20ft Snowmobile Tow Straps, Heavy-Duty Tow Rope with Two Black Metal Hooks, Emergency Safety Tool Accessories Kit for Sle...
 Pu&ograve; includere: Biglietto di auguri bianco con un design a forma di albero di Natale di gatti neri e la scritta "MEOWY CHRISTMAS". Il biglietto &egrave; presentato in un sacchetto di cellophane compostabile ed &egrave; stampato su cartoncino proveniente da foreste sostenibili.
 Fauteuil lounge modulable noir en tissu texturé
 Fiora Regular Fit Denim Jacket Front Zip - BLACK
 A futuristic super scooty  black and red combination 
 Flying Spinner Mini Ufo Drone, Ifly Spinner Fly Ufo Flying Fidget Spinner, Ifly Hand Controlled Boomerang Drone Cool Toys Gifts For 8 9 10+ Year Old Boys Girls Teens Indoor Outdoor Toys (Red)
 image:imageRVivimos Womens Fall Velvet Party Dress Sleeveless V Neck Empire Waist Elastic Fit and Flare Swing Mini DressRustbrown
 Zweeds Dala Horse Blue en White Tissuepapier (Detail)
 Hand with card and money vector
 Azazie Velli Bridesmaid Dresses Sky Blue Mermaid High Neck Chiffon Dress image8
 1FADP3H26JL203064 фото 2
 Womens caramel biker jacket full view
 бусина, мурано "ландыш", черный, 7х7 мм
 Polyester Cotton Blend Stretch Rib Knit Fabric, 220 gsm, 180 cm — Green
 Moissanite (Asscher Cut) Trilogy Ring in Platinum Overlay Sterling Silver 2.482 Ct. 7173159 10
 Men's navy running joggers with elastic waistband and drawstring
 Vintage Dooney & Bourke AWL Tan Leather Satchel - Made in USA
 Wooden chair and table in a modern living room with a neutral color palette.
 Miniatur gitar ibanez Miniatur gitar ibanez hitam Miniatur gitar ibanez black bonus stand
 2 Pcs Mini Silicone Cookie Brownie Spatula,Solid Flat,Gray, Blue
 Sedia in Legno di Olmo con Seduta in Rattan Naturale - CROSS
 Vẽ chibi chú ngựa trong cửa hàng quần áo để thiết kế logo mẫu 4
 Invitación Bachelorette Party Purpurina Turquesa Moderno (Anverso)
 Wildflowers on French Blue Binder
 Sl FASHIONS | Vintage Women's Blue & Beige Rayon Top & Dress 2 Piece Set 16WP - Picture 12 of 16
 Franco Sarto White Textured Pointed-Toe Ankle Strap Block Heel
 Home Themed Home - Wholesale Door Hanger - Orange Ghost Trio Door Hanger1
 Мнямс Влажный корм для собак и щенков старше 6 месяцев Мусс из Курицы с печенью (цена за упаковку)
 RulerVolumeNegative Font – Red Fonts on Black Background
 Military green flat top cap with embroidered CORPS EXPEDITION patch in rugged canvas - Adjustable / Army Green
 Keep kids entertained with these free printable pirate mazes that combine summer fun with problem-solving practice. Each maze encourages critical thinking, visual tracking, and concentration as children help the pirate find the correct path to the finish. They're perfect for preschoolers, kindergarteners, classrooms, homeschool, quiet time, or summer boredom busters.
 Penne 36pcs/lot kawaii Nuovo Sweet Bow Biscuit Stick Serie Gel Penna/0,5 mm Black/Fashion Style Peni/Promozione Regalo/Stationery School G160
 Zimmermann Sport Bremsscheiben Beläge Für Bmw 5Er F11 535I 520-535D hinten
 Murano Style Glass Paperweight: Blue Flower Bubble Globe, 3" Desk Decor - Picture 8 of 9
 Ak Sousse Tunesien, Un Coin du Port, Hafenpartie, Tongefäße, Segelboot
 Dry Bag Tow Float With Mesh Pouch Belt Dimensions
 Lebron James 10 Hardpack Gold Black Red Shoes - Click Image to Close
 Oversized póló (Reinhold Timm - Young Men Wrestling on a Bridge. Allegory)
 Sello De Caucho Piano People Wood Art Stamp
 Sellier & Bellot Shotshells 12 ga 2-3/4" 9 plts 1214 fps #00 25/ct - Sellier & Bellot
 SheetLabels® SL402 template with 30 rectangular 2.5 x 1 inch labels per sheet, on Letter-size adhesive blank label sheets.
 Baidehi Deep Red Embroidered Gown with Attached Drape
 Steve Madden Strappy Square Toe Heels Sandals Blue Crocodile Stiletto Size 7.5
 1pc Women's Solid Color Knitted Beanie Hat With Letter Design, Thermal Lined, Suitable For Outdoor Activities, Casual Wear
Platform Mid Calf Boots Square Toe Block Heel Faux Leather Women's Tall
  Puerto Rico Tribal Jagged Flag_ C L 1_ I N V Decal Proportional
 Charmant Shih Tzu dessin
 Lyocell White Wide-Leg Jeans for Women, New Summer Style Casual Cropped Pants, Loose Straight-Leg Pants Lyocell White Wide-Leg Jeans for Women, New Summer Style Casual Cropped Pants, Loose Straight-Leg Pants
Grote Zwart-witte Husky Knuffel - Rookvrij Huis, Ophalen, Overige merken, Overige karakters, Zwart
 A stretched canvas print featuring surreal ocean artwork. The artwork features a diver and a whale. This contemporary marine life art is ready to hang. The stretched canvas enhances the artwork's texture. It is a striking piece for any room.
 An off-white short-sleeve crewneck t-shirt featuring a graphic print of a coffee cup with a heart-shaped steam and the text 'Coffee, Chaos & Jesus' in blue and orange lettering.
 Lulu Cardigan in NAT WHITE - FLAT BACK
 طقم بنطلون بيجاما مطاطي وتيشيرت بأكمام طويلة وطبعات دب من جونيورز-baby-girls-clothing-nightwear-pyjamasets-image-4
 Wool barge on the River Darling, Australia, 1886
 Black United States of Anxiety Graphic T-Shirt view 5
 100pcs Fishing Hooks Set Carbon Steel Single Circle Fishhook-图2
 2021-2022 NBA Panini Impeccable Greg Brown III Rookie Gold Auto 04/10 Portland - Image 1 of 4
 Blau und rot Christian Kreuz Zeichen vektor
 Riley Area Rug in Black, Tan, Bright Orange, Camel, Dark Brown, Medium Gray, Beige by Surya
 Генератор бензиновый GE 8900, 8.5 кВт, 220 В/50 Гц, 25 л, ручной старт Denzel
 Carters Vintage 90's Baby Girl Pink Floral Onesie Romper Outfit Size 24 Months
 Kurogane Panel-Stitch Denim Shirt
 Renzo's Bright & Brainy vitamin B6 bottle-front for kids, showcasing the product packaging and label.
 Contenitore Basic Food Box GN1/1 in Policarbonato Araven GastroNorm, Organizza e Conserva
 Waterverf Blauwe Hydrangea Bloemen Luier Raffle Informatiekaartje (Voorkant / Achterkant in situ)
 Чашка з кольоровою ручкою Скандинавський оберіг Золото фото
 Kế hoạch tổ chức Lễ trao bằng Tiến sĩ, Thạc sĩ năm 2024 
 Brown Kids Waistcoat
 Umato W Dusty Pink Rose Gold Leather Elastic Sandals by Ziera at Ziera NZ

*Exercise brief*
From the first line to the last, repeat the records exactly.

*Your solution*
20ft Snowmobile Tow Straps, Heavy-Duty Tow Rope with Two Black Metal Hooks, Emergency Safety Tool Accessories Kit for Sle...
 Pu&ograve; includere: Biglietto di auguri bianco con un design a forma di albero di Natale di gatti neri e la scritta "MEOWY CHRISTMAS". Il biglietto &egrave; presentato in un sacchetto di cellophane compostabile ed &egrave; stampato su cartoncino proveniente da foreste sostenibili.
 Fauteuil lounge modulable noir en tissu texturé
 Fiora Regular Fit Denim Jacket Front Zip - BLACK
 A futuristic super scooty  black and red combination 
 Flying Spinner Mini Ufo Drone, Ifly Spinner Fly Ufo Flying Fidget Spinner, Ifly Hand Controlled Boomerang Drone Cool Toys Gifts For 8 9 10+ Year Old Boys Girls Teens Indoor Outdoor Toys (Red)
 image:imageRVivimos Womens Fall Velvet Party Dress Sleeveless V Neck Empire Waist Elastic Fit and Flare Swing Mini DressRustbrown
 Zweeds Dala Horse Blue en White Tissuepapier (Detail)
 Hand with card and money vector
 Azazie Velli Bridesmaid Dresses Sky Blue Mermaid High Neck Chiffon Dress image8
 1FADP3H26JL203064 фото 2
 Womens caramel biker jacket full view
 бусина, мурано "ландыш", черный, 7х7 мм
 Polyester Cotton Blend Stretch Rib Knit Fabric, 220 gsm, 180 cm — Green
 Moissanite (Asscher Cut) Trilogy Ring in Platinum Overlay Sterling Silver 2.482 Ct. 7173159 10
 Men's navy running joggers with elastic waistband and drawstring
 Vintage Dooney & Bourke AWL Tan Leather Satchel - Made in USA
 Wooden chair and table in a modern living room with a neutral color palette.
 Miniatur gitar ibanez Miniatur gitar ibanez hitam Miniatur gitar ibanez black bonus stand
 2 Pcs Mini Silicone Cookie Brownie Spatula,Solid Flat,Gray, Blue
 Sedia in Legno di Olmo con Seduta in Rattan Naturale - CROSS
 Vẽ chibi chú ngựa trong cửa hàng quần áo để thiết kế logo mẫu 4
 Invitación Bachelorette Party Purpurina Turquesa Moderno (Anverso)
 Wildflowers on French Blue Binder
 Sl FASHIONS | Vintage Women's Blue & Beige Rayon Top & Dress 2 Piece Set 16WP - Picture 12 of 16
 Franco Sarto White Textured Pointed-Toe Ankle Strap Block Heel
 Home Themed Home - Wholesale Door Hanger - Orange Ghost Trio Door Hanger1
 Мнямс Влажный корм для собак и щенков старше 6 месяцев Мусс из Курицы с печенью (цена за упаковку)
 RulerVolumeNegative Font – Red Fonts on Black Background
 Military green flat top cap with embroidered CORPS EXPEDITION patch in rugged canvas - Adjustable / Army Green
 Keep kids entertained with these free printable pirate mazes that combine summer fun with problem-solving practice. Each maze encourages critical thinking, visual tracking, and concentration as children help the pirate find the correct path to the finish. They're perfect for preschoolers, kindergarteners, classrooms, homeschool, quiet time, or summer boredom busters.
 Penne 36pcs/lot kawaii Nuovo Sweet Bow Biscuit Stick Serie Gel Penna/0,5 mm Black/Fashion Style Peni/Promozione Regalo/Stationery School G160
 Zimmermann Sport Bremsscheiben Beläge Für Bmw 5Er F11 535I 520-535D hinten
 Murano Style Glass Paperweight: Blue Flower Bubble Globe, 3" Desk Decor - Picture 8 of 9
 Ak Sousse Tunesien, Un Coin du Port, Hafenpartie, Tongefäße, Segelboot
 Dry Bag Tow Float With Mesh Pouch Belt Dimensions
 Lebron James 10 Hardpack Gold Black Red Shoes - Click Image to Close
 Oversized póló (Reinhold Timm - Young Men Wrestling on a Bridge. Allegory)
 Sello De Caucho Piano People Wood Art Stamp
 Sellier & Bellot Shotshells 12 ga 2-3/4" 9 plts 1214 fps #00 25/ct - Sellier & Bellot
 SheetLabels® SL402 template with 30 rectangular 2.5 x 1 inch labels per sheet, on Letter-size adhesive blank label sheets.
 Baidehi Deep Red Embroidered Gown with Attached Drape
 Steve Madden Strappy Square Toe Heels Sandals Blue Crocodile Stiletto Size 7.5
 1pc Women's Solid Color Knitted Beanie Hat With Letter Design, Thermal Lined, Suitable For Outdoor Activities, Casual Wear
Platform Mid Calf Boots Square Toe Block Heel Faux Leather Women's Tall
  Puerto Rico Tribal Jagged Flag_ C L 1_ I N V Decal Proportional
 Charmant Shih Tzu dessin
 Lyocell White Wide-Leg Jeans for Women, New Summer Style Casual Cropped Pants, Loose Straight-Leg Pants Lyocell White Wide-Leg Jeans for Women, New Summer Style Casual Cropped Pants, Loose Straight-Leg Pants
Grote Zwart-witte Husky Knuffel - Rookvrij Huis, Ophalen, Overige merken, Overige karakters, Zwart
 A stretched canvas print featuring surreal ocean artwork. The artwork features a diver and a whale. This contemporary marine life art is ready to hang. The stretched canvas enhances the artwork's texture. It is a striking piece for any room.
 An off-white short-sleeve crewneck t-shirt featuring a graphic print of a coffee cup with a heart-shaped steam and the text 'Coffee, Chaos & Jesus' in blue and orange lettering.
 Lulu Cardigan in NAT WHITE - FLAT BACK
 طقم بنطلون بيجاما مطاطي وتيشيرت بأكمام طويلة وطبعات دب من جونيورز-baby-girls-clothing-nightwear-pyjamasets-image-4
 Wool barge on the River Darling, Australia, 1886
 Black United States of Anxiety Graphic T-Shirt view 5
 100pcs Fishing Hooks Set Carbon Steel Single Circle Fishhook-图2
 2021-2022 NBA Panini Impeccable Greg Brown III Rookie Gold Auto 04/10 Portland - Image 1 of 4
 Blau und rot Christian Kreuz Zeichen vektor
 Riley Area Rug in Black, Tan, Bright Orange, Camel, Dark Brown, Medium Gray, Beige by Surya
 Генератор бензиновый GE 8900, 8.5 кВт, 220 В/50 Гц, 25 л, ручной старт Denzel
 Carters Vintage 90's Baby Girl Pink Floral Onesie Romper Outfit Size 24 Months
 Kurogane Panel-Stitch Denim Shirt
 Renzo's Bright & Brainy vitamin B6 bottle-front for kids, showcasing the product packaging and label.
 Contenitore Basic Food Box GN1/1 in Policarbonato Araven GastroNorm, Organizza e Conserva
 Waterverf Blauwe Hydrangea Bloemen Luier Raffle Informatiekaartje (Voorkant / Achterkant in situ)
 Чашка з кольоровою ручкою Скандинавський оберіг Золото фото
 Kế hoạch tổ chức Lễ trao bằng Tiến sĩ, Thạc sĩ năm 2024 
 Brown Kids Waistcoat
 Umato W Dusty Pink Rose Gold Leather Elastic Sandals by Ziera at Ziera NZ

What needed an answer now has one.